=== Exercise aim ===
Only one span of the material below is wanted. Output it exactly, from the line with "Big with watermark" through the line with "JEU SUPPORTS PARE-CHOC", without any pictures.

=== Dataset records ===
==*==
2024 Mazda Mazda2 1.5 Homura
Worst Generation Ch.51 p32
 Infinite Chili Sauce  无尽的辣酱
==*==
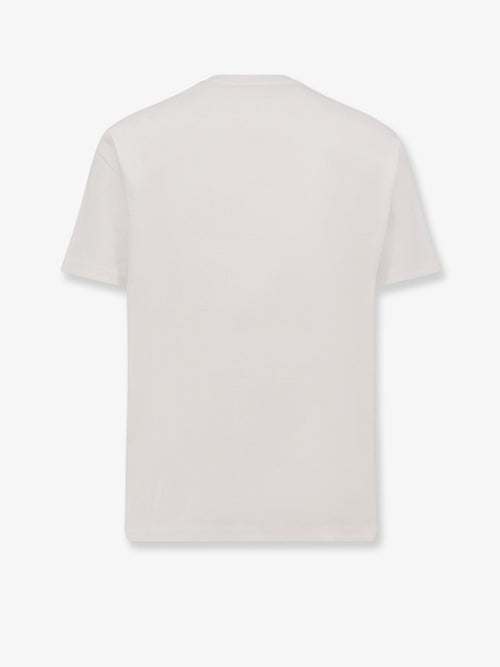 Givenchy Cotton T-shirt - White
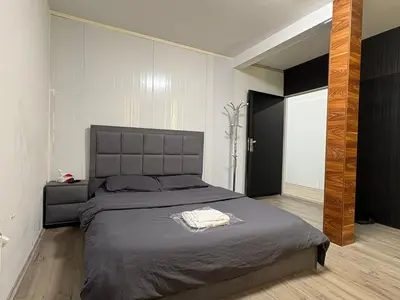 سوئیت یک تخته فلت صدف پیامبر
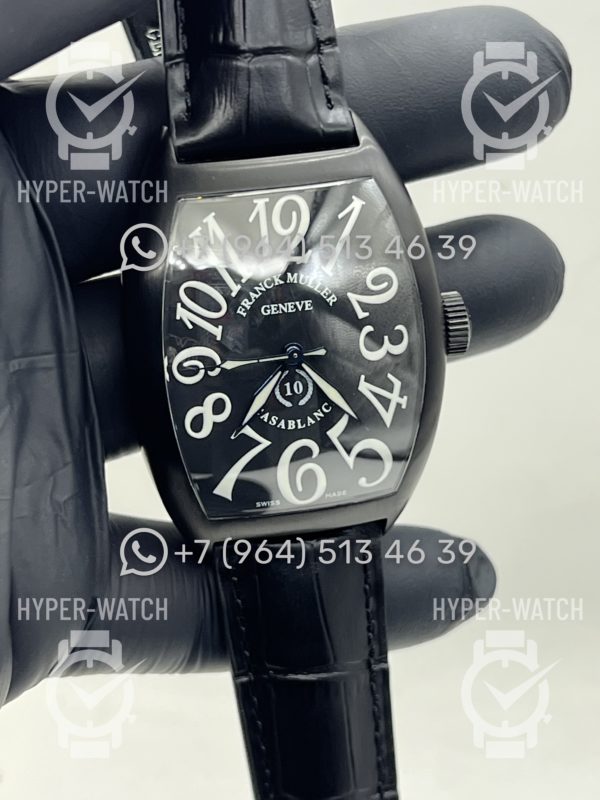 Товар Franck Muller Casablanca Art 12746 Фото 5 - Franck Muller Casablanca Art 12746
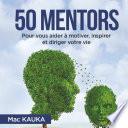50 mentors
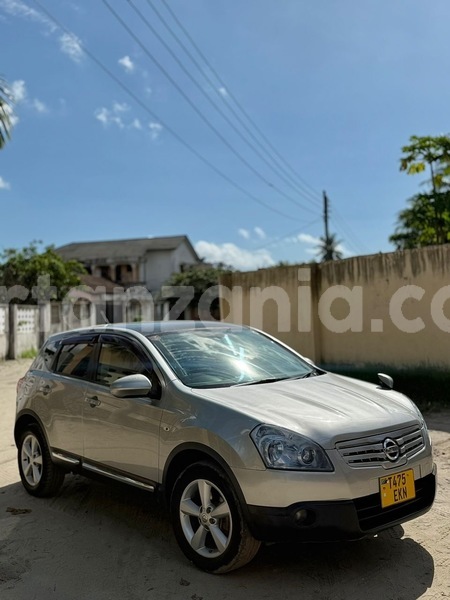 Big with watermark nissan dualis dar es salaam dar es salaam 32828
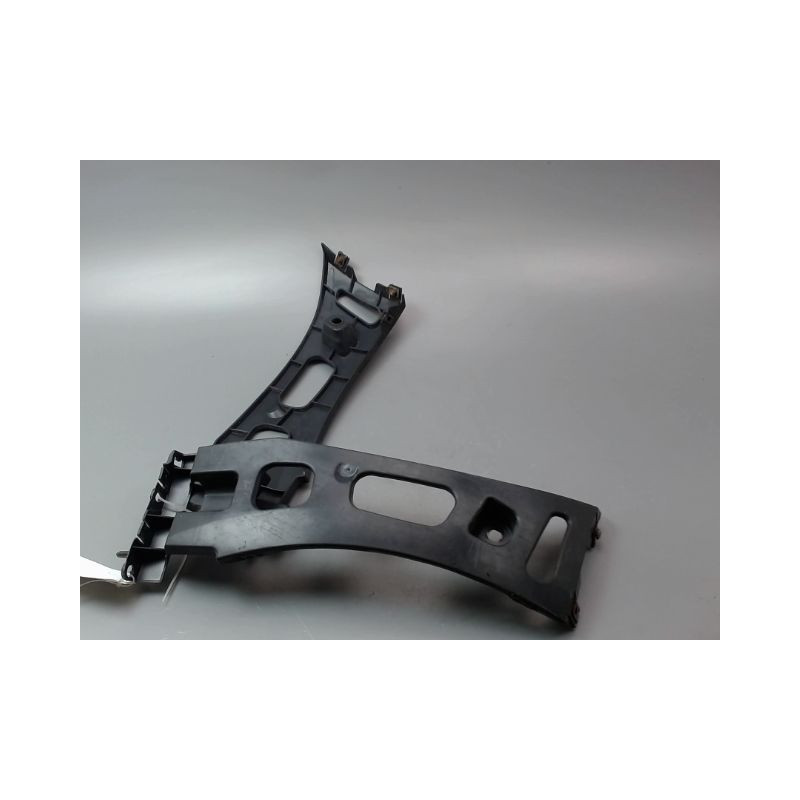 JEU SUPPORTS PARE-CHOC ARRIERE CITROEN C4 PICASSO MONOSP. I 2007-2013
==*==
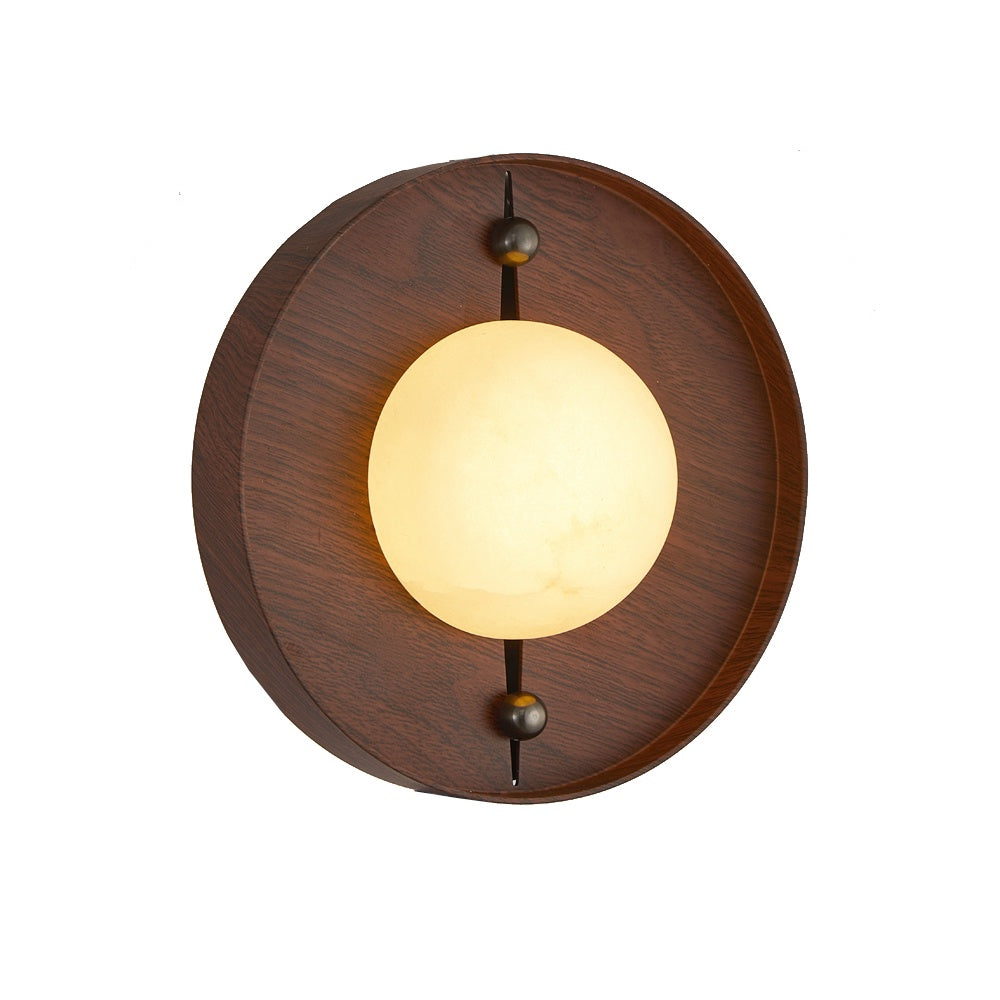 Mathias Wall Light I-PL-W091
==*==
=== Reply ===
 Big with watermark nissan dualis dar es salaam dar es salaam 32828
 JEU SUPPORTS PARE-CHOC ARRIERE CITROEN C4 PICASSO MONOSP. I 2007-2013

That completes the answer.